Data to use Start Marker
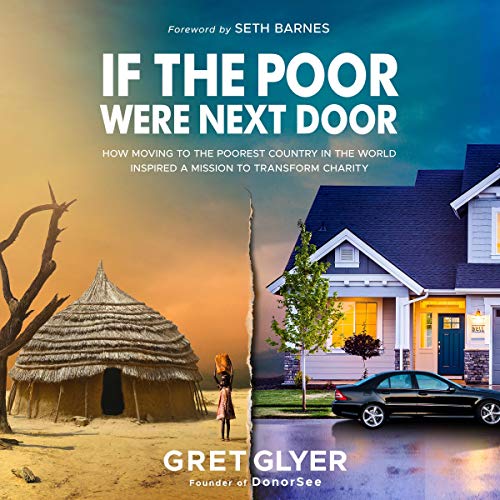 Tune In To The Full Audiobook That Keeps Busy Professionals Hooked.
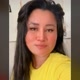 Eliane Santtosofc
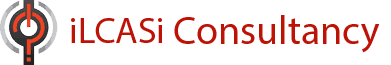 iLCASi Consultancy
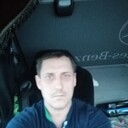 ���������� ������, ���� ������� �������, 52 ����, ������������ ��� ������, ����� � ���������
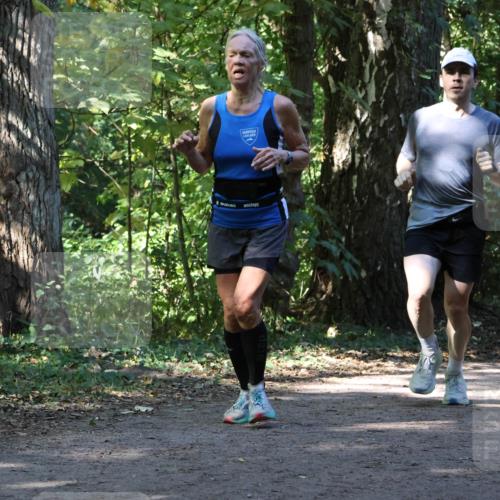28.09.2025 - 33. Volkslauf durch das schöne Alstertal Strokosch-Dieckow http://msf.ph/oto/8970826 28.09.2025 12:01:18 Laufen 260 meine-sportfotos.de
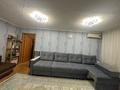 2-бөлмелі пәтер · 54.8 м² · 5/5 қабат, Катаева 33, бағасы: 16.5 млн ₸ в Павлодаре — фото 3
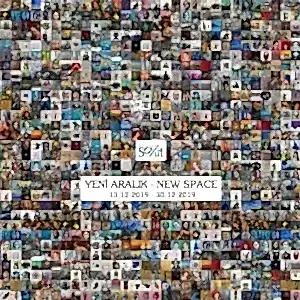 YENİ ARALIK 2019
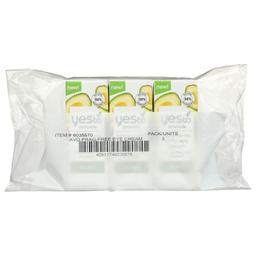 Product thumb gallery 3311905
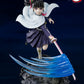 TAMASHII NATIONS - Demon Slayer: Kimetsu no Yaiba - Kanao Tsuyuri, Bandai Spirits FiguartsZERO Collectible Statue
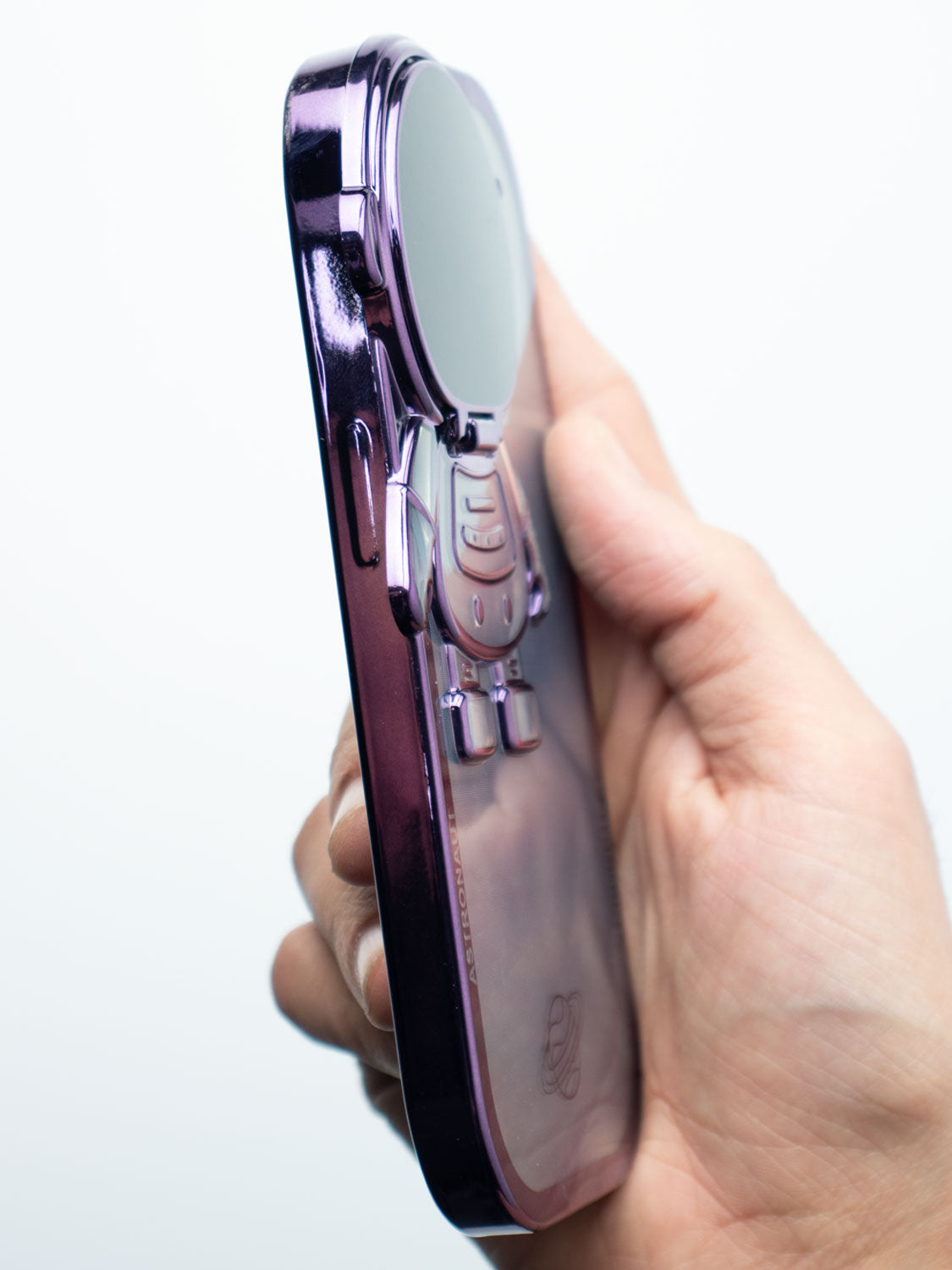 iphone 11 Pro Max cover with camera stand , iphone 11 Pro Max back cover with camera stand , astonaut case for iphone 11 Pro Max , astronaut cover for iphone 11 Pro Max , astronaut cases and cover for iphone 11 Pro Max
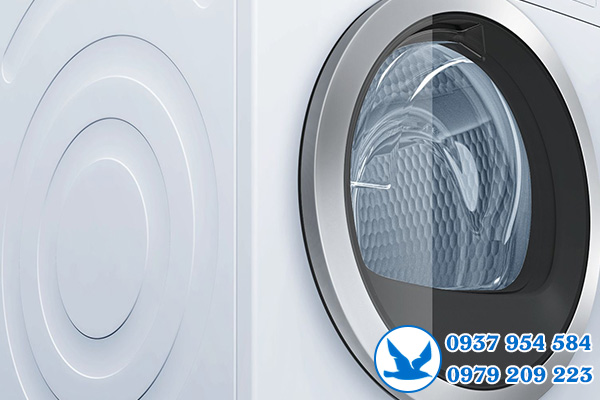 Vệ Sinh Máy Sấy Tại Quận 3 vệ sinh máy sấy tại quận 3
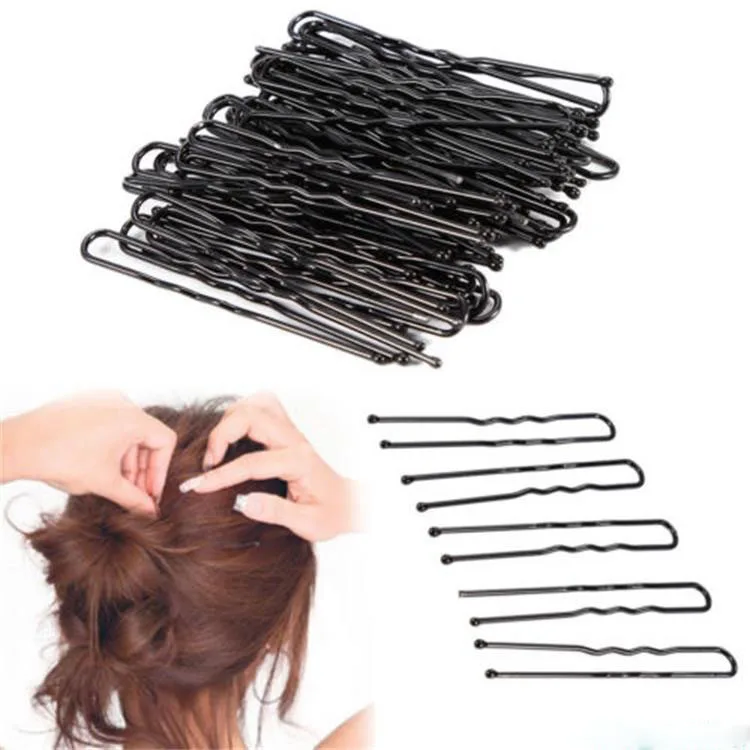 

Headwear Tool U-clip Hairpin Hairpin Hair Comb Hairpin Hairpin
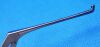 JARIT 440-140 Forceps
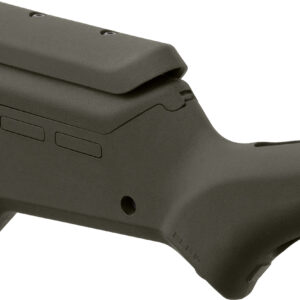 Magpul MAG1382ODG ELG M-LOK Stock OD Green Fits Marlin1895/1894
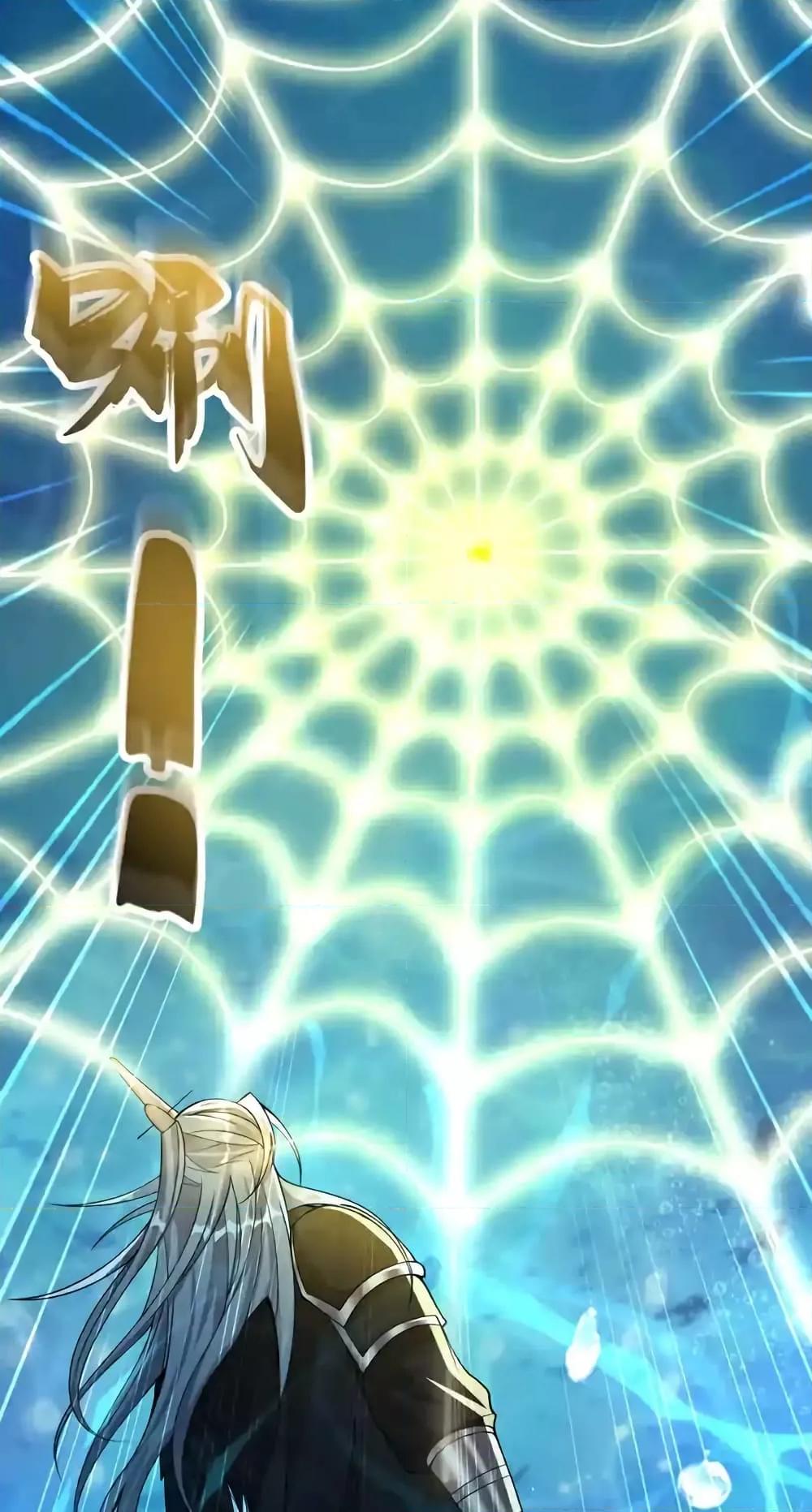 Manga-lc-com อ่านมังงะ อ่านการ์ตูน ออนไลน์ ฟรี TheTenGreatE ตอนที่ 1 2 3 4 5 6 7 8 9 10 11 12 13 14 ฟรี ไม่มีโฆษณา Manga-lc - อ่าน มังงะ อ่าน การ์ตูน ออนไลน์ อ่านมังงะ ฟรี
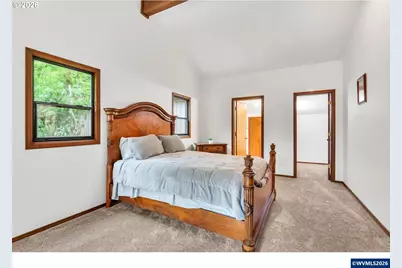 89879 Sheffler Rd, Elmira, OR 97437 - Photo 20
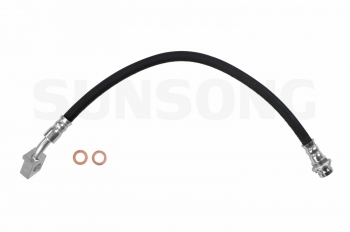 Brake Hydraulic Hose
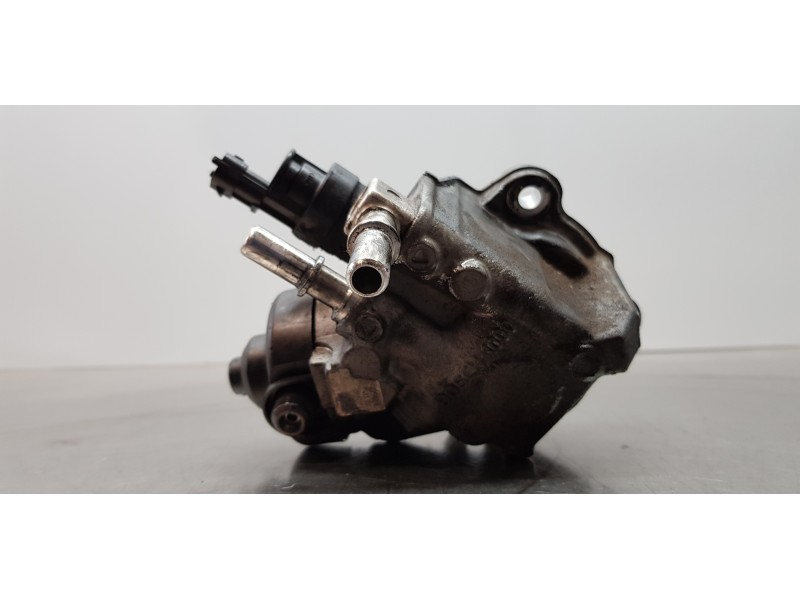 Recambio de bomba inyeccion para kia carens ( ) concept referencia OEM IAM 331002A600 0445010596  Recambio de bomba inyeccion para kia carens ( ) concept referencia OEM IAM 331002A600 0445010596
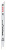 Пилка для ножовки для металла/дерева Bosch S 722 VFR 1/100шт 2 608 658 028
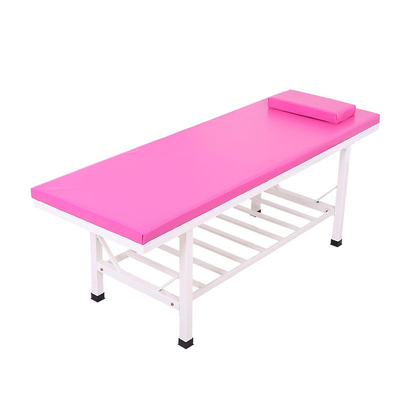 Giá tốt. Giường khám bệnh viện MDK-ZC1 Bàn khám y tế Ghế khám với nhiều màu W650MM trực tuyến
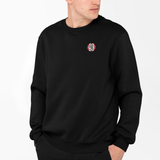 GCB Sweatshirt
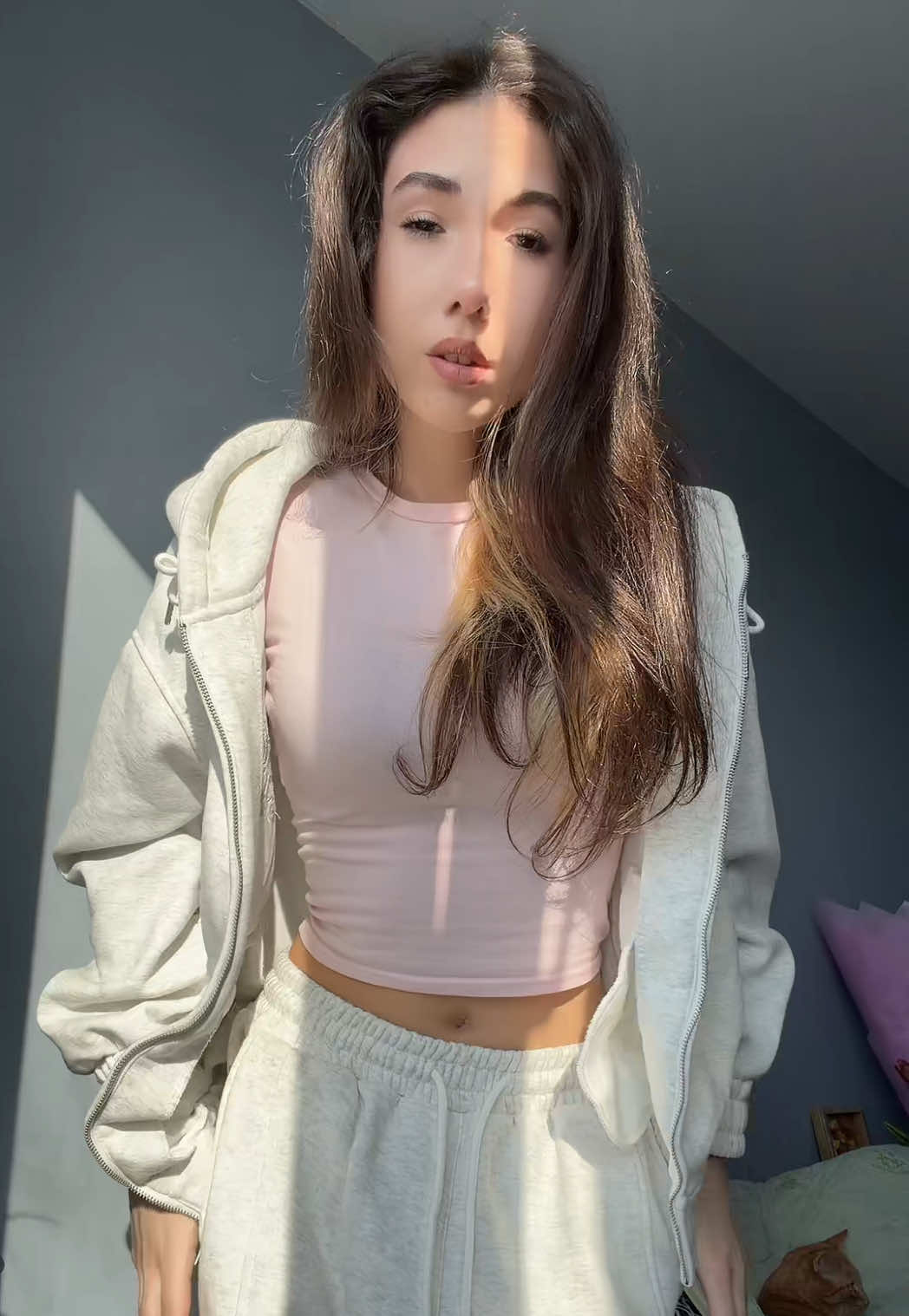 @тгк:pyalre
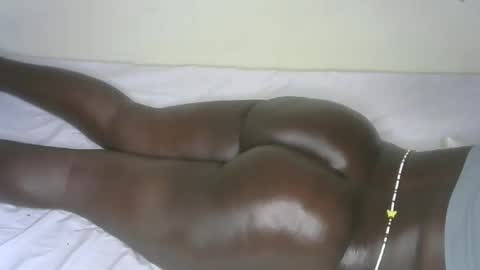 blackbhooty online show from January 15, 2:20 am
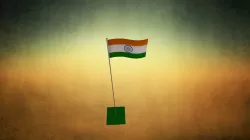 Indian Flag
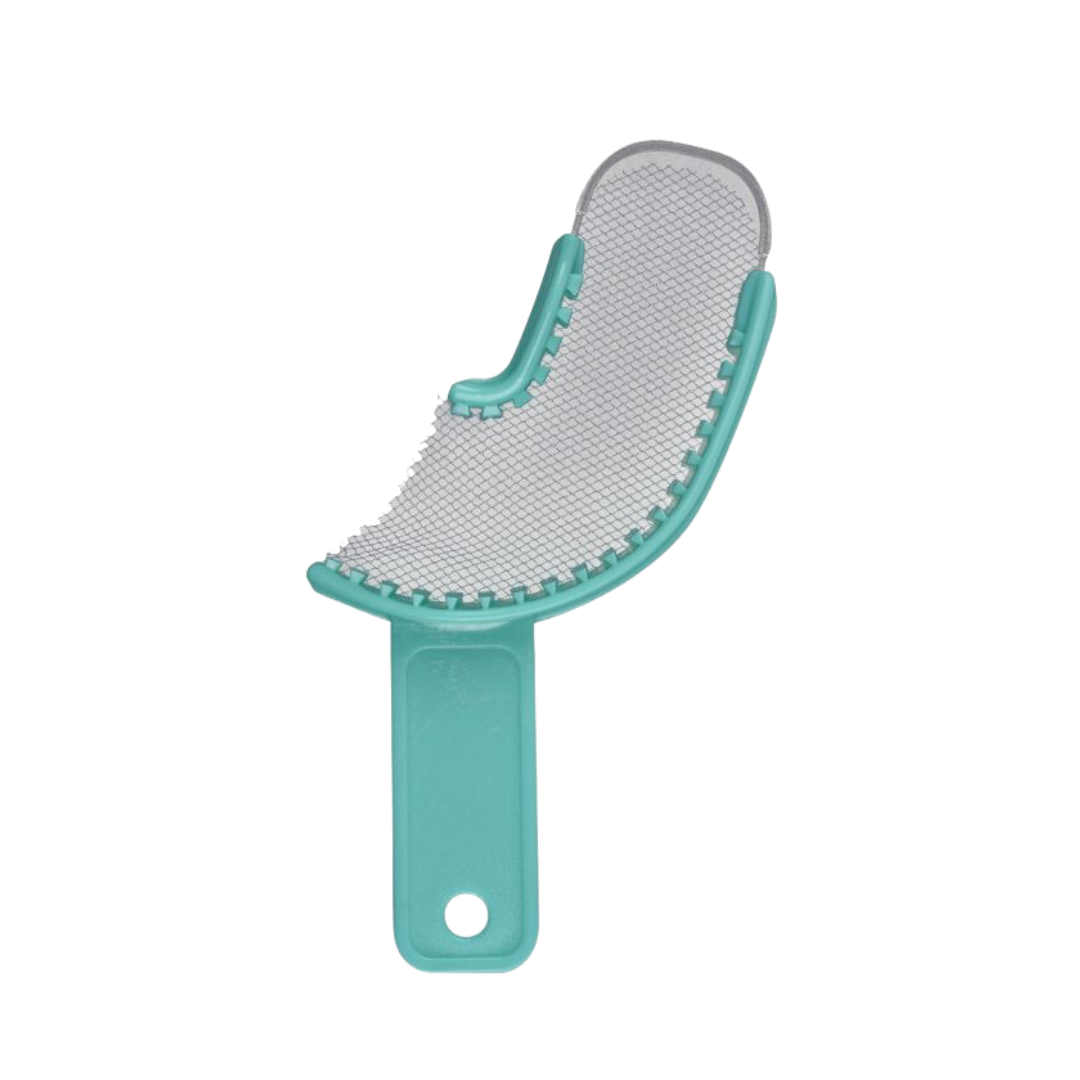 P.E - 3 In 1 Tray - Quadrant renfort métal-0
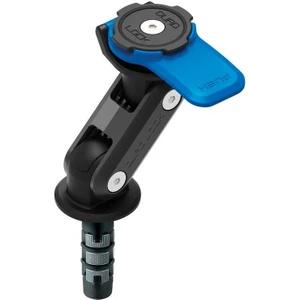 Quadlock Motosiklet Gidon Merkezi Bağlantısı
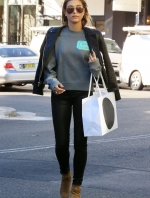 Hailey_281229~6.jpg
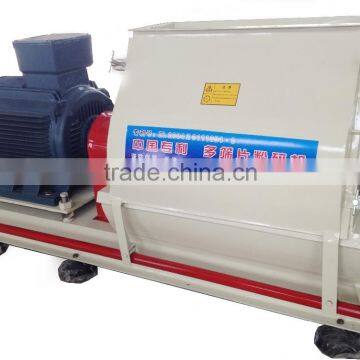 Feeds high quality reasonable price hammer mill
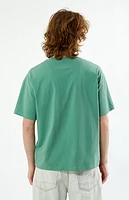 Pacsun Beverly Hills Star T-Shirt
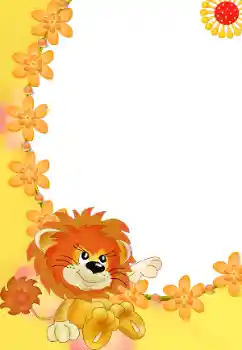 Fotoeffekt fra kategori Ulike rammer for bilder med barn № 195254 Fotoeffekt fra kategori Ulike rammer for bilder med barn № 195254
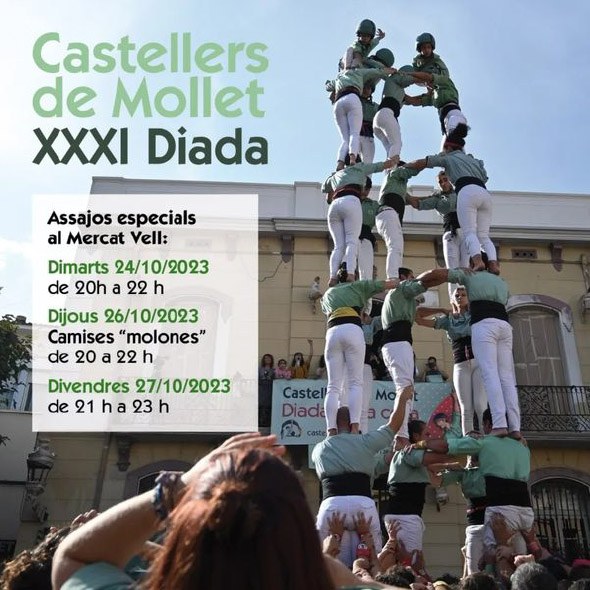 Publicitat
Data to use End Marker
**Exercise goal**
All the records above need to be given again word for word. Skip the pictures.

**Solution for this problem**
 Tune In To The Full Audiobook That Keeps Busy Professionals Hooked.
 Eliane Santtosofc
 iLCASi Consultancy
 ���������� ������, ���� ������� �������, 52 ����, ������������ ��� ������, ����� � ���������
28.09.2025 - 33. Volkslauf durch das schöne Alstertal Strokosch-Dieckow http://msf.ph/oto/8970826 28.09.2025 12:01:18 Laufen 260 meine-sportfotos.de
 2-бөлмелі пәтер · 54.8 м² · 5/5 қабат, Катаева 33, бағасы: 16.5 млн ₸ в Павлодаре — фото 3
 YENİ ARALIK 2019
 Product thumb gallery 3311905
 TAMASHII NATIONS - Demon Slayer: Kimetsu no Yaiba - Kanao Tsuyuri, Bandai Spirits FiguartsZERO Collectible Statue
 iphone 11 Pro Max cover with camera stand , iphone 11 Pro Max back cover with camera stand , astonaut case for iphone 11 Pro Max , astronaut cover for iphone 11 Pro Max , astronaut cases and cover for iphone 11 Pro Max
 Vệ Sinh Máy Sấy Tại Quận 3 vệ sinh máy sấy tại quận 3

Headwear Tool U-clip Hairpin Hairpin Hair Comb Hairpin Hairpin
 JARIT 440-140 Forceps
 Magpul MAG1382ODG ELG M-LOK Stock OD Green Fits Marlin1895/1894
 Manga-lc-com อ่านมังงะ อ่านการ์ตูน ออนไลน์ ฟรี TheTenGreatE ตอนที่ 1 2 3 4 5 6 7 8 9 10 11 12 13 14 ฟรี ไม่มีโฆษณา Manga-lc - อ่าน มังงะ อ่าน การ์ตูน ออนไลน์ อ่านมังงะ ฟรี
 89879 Sheffler Rd, Elmira, OR 97437 - Photo 20
 Brake Hydraulic Hose
 Recambio de bomba inyeccion para kia carens ( ) concept referencia OEM IAM 331002A600 0445010596  Recambio de bomba inyeccion para kia carens ( ) concept referencia OEM IAM 331002A600 0445010596
 Пилка для ножовки для металла/дерева Bosch S 722 VFR 1/100шт 2 608 658 028
 Giá tốt. Giường khám bệnh viện MDK-ZC1 Bàn khám y tế Ghế khám với nhiều màu W650MM trực tuyến
 GCB Sweatshirt
 @тгк:pyalre
 blackbhooty online show from January 15, 2:20 am
 Indian Flag
 P.E - 3 In 1 Tray - Quadrant renfort métal-0
 Quadlock Motosiklet Gidon Merkezi Bağlantısı
 Hailey_281229~6.jpg
 Feeds high quality reasonable price hammer mill
 Pacsun Beverly Hills Star T-Shirt
 Fotoeffekt fra kategori Ulike rammer for bilder med barn № 195254 Fotoeffekt fra kategori Ulike rammer for bilder med barn № 195254
 Publicitat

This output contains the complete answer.